* **Information supplied**:
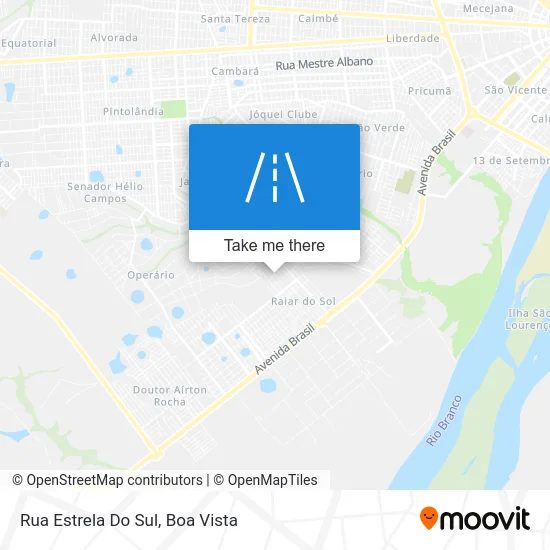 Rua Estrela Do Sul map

* * *

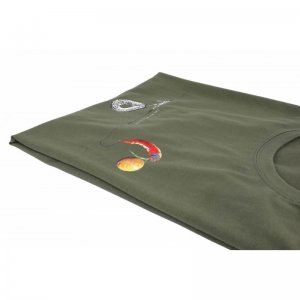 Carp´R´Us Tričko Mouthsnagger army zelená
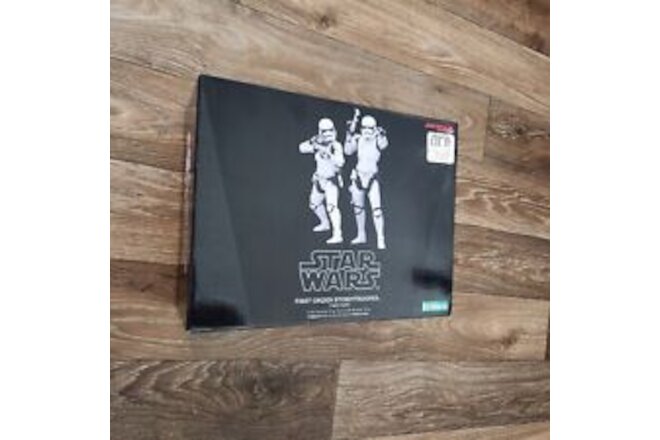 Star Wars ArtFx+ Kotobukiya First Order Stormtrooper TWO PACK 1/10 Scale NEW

* **Assignment**: Look above for the line with "Carp´R´Us Tričko Mouthsnagger army zelená", then give again exactly every line from there through the line with "Star Wars ArtFx+", skipping the pictures.

* **Output for this exercise**:
 Carp´R´Us Tričko Mouthsnagger army zelená
 Star Wars ArtFx+ Kotobukiya First Order Stormtrooper TWO PACK 1/10 Scale NEW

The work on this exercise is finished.